Watts lived his life in England; he died there and was buried in a cemetery for people who did not conform to the practices of the Church of England. His grave is not far from those of some other famous dissenters: John Bunyan (author of Pilgrim's Progress) and John Rippon (He was a renowned hymnist who helped to popularize the texts of Watts and Charles Wesley. Rippon edited and published the texts of hymns such as "All Hail the Power of Jesus' Name" and "How Firm a Foundation," making them famous).

Watts' texts were in hymnbooks settlers brought into Kentucky

Though Watts never came to the American colonies or to Kentucky, I think that he counts as one of the pioneers of our Commonwealth. When English settlers came down the Ohio River and through Cumberland Gap, they brought hymnbooks with them. Often these collections contained only texts, with no music other than a notation of the meter (rhythm pattern), which allowed the singer to select easily a commonly known tune of the same meter. Many of the texts in these early hymnals were the words of Isaac Watts.

Shape note hymnals appeared after 1800

After 1800 shape note hymnals began to appear. (And the term is shape note; I once made the error of saying shaped note in the presence of an aficionado; after the lecture I received I'll be sure never to make that error again.

I do persist in pronouncing our local beverage iced tea, even when many menus refer to it as ice tea.) Shape notes comprise a visual representation denoting the musical sounds of close harmony a cappella singing, and the early shape note hymn compilations are a priceless repository of American folk tunes.

Kentucky Harmony hymnal was one of most popular

One of the most popular and widely dispersed shape note hymnals of the age was Kentucky Harmony (1816). Compiled by Ananias Davisson from hymns already popular on the frontier, it was a publication that had great influence on later shape note hymnbooks, including The Southern Harmony, The Missouri Harmony, and The Sacred Harp.

Despite the title of his book, Davisson lived in Virginia, spending his life in the Shenandoah Valley.

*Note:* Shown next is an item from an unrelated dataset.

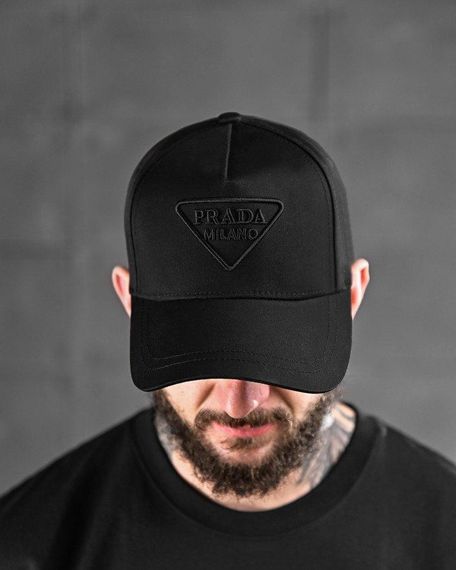 Бейсболка Prada black ДЛ6594 | Зображення 1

Nevertheless, his hymn collection was used all over Kentucky. (It is believed that The Missouri Harmony (1820) was the hymnbook most widely used in Indiana and Illinois when young Abraham Lincoln and his family moved into those areas.)

One look at Kentucky Harmony shows influence of Watts

One look at Kentucky Harmony lets us see the influence of Isaac Watts on frontier religion. There, tied to the folk melodies and frontier hymn tunes, are many of Watts' texts. Kentucky Harmony's first edition had almost 140 hymns listed; 124 of them can be traced either to texts written by Isaac Watts or published by John Rippon in his famous 1787 hymn compilation, A Selection of Hymns by the Best Authors, Intended to Be an Appendix to Dr. Watts' Psalms and Hymns

.What this tells me is that Isaac Watts was as much a presence at the settlement of Kentucky as some of the Commonwealth's more famous pioneer icons. Wherever people gathered to worship, wherever circuit riders established new outposts of Christianity, wherever people raised their voices to sing praise or seek consolation, the hymns of Isaac Watts were there also.

Isaac Watts' hymns have staying power

Watts never will be listed in Kentucky history books alongside Daniel Boone or Simon Kenton, but in my mind's eye, he'll be right there as I think about our state's trailblazers. His texts have staying power, and they have lasted long after much of the weaponry of the frontier has rusted and rotted away.

Birthday thanks for Isaac Watts! Kentucky should be grateful to him and for him.